→ **PROBLEM STATEMENT**
Write out the data exactly, keeping every line.

→ **INFORMATION SUPPLIED**
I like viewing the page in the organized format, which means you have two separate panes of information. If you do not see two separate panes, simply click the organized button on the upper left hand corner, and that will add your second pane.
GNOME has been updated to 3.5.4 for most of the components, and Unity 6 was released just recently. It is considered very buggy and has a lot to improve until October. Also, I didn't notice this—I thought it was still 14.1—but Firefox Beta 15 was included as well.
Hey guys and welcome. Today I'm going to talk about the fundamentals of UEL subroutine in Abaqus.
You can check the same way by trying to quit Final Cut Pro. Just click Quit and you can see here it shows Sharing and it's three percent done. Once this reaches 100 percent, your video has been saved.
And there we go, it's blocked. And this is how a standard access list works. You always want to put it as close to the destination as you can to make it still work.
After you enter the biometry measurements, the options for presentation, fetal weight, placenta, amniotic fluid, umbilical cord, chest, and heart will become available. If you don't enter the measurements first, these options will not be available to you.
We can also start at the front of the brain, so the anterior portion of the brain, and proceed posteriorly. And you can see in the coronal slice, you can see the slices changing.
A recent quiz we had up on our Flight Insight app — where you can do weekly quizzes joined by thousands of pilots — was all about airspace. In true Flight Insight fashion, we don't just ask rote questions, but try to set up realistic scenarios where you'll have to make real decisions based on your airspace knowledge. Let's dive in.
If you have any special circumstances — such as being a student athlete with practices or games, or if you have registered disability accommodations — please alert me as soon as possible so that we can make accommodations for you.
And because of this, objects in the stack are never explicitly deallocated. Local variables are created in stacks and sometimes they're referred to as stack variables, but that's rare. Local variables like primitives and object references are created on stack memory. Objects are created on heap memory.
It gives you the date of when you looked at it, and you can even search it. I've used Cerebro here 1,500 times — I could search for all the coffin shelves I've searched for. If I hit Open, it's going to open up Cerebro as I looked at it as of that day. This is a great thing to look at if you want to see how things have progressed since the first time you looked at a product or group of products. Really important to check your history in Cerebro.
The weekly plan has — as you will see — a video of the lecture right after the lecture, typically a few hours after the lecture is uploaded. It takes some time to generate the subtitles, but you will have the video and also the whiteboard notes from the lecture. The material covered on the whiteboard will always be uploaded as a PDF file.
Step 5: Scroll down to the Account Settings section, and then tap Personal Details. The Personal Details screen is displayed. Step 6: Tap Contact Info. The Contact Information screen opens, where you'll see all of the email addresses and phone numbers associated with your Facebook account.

→ **EXPECTED ANSWER**
I like viewing the page in the organized format, which means you have two separate panes of information. If you do not see two separate panes, simply click the organized button on the upper left hand corner, and that will add your second pane.
GNOME has been updated to 3.5.4 for most of the components, and Unity 6 was released just recently. It is considered very buggy and has a lot to improve until October. Also, I didn't notice this—I thought it was still 14.1—but Firefox Beta 15 was included as well.
Hey guys and welcome. Today I'm going to talk about the fundamentals of UEL subroutine in Abaqus.
You can check the same way by trying to quit Final Cut Pro. Just click Quit and you can see here it shows Sharing and it's three percent done. Once this reaches 100 percent, your video has been saved.
And there we go, it's blocked. And this is how a standard access list works. You always want to put it as close to the destination as you can to make it still work.
After you enter the biometry measurements, the options for presentation, fetal weight, placenta, amniotic fluid, umbilical cord, chest, and heart will become available. If you don't enter the measurements first, these options will not be available to you.
We can also start at the front of the brain, so the anterior portion of the brain, and proceed posteriorly. And you can see in the coronal slice, you can see the slices changing.
A recent quiz we had up on our Flight Insight app — where you can do weekly quizzes joined by thousands of pilots — was all about airspace. In true Flight Insight fashion, we don't just ask rote questions, but try to set up realistic scenarios where you'll have to make real decisions based on your airspace knowledge. Let's dive in.
If you have any special circumstances — such as being a student athlete with practices or games, or if you have registered disability accommodations — please alert me as soon as possible so that we can make accommodations for you.
And because of this, objects in the stack are never explicitly deallocated. Local variables are created in stacks and sometimes they're referred to as stack variables, but that's rare. Local variables like primitives and object references are created on stack memory. Objects are created on heap memory.
It gives you the date of when you looked at it, and you can even search it. I've used Cerebro here 1,500 times — I could search for all the coffin shelves I've searched for. If I hit Open, it's going to open up Cerebro as I looked at it as of that day. This is a great thing to look at if you want to see how things have progressed since the first time you looked at a product or group of products. Really important to check your history in Cerebro.
The weekly plan has — as you will see — a video of the lecture right after the lecture, typically a few hours after the lecture is uploaded. It takes some time to generate the subtitles, but you will have the video and also the whiteboard notes from the lecture. The material covered on the whiteboard will always be uploaded as a PDF file.
Step 5: Scroll down to the Account Settings section, and then tap Personal Details. The Personal Details screen is displayed. Step 6: Tap Contact Info. The Contact Information screen opens, where you'll see all of the email addresses and phone numbers associated with your Facebook account.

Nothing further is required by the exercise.